Euro sign, Frankfurt

The European Central Bank (ECB) will not assign specific risk weights to the eurozone sovereign debt held on banks' balance sheets, according to the bank's chief, Mario Draghi, who said any such decision should be made at a global level and at a later date.

Draghi today told the European Parliament that assigning different risk weights to sovereign debt was not a task for the central bank, and that it should be discussed by the Basel Committee "at the proper time".

He insisted the question of risk weights was "nothing to do with" the forthcoming stress tests and that "sovereign debt is going to be stressed like all other categories in the banks' balance sheets".

As it stands, applied sovereign risk weights "vary considerably" for large international banks, according to the Bank for International Settlements (BIS), as EU authorities have allowed banks to set a zero risk weight for sovereign exposures.
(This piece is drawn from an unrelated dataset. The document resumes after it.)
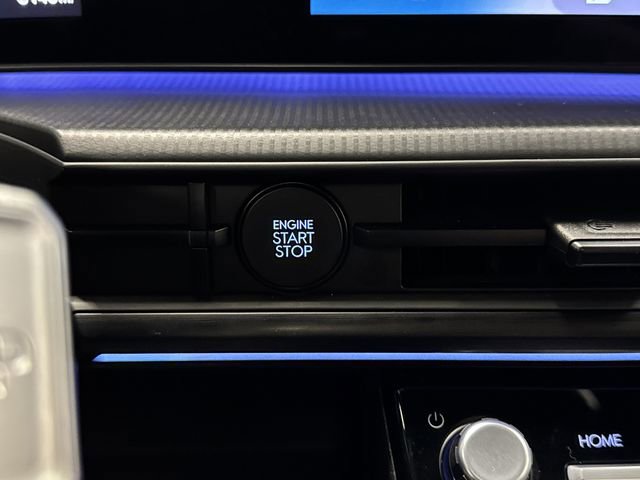 Used 2024 Hyundai Santa Fe Calligraphy image 25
Fellow executive board member Peter Praet emphasised in an interview with the Financial Times the importance of "appropriately treating banks' holdings of sovereign debt according to the risk that they pose to banks' capital".

He said including sovereign debt in the stress tests would make it "unlikely that the banks will use central bank liquidity to excessively increase their exposure to sovereign debt", because they would be "wary of the constraints placed on sovereign debt by the stress tests to which they are subject at the same time".
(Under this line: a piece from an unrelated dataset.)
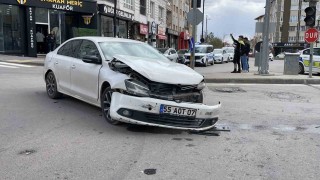 Sivasta araçlar çarpıştı, bir kişi yaralandı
Draghi echoed Praet's comments, and stressed the importance of central bank liquidity filtering through to the real economy. Parliamentarians at today's session bombarded Draghi with demands for more central bank support for small and medium-sized enterprises.
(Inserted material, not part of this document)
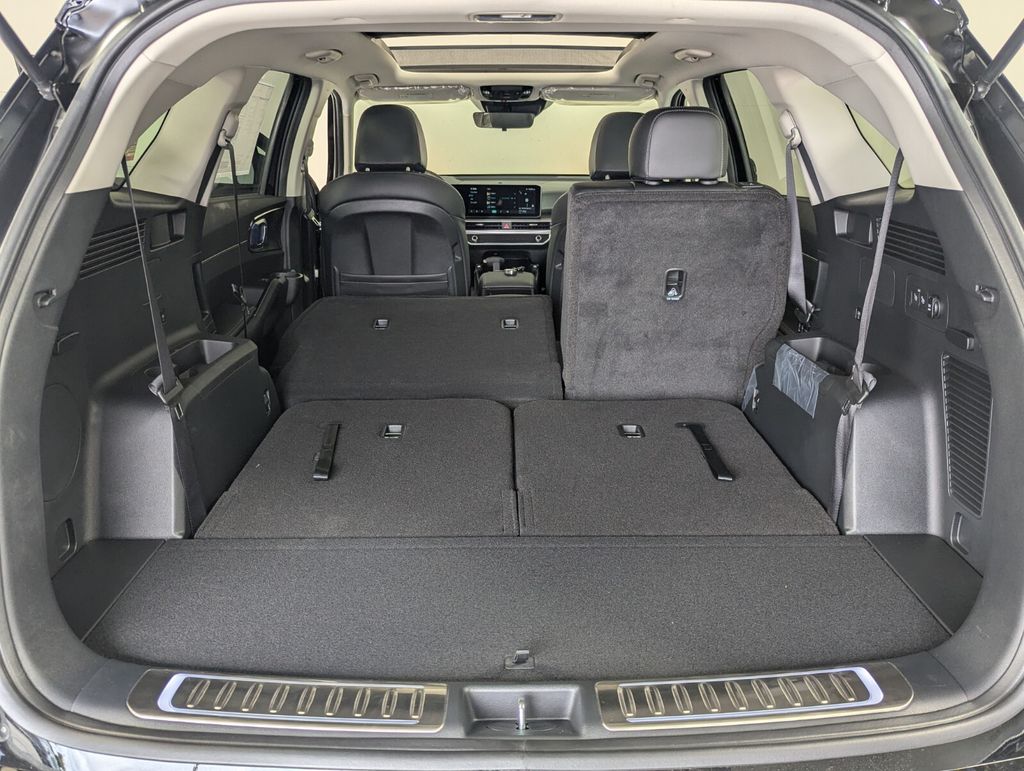 2025 Kia Sorento S - Photo 28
Draghi reiterated that "if and when" the central bank deploys another long-term refinancing operation (LTRO) it will be "designed in a way [that] increases the probability the money reaches the real economy".

He pointed out that the ECB's existing LTROs already had similar features to the Funding for lending schemes around the globe – including long maturity, wide collateral and a wide set of counterparties. "That is why I am saying we need to think further and reflect more deeply about the right instrument," he said.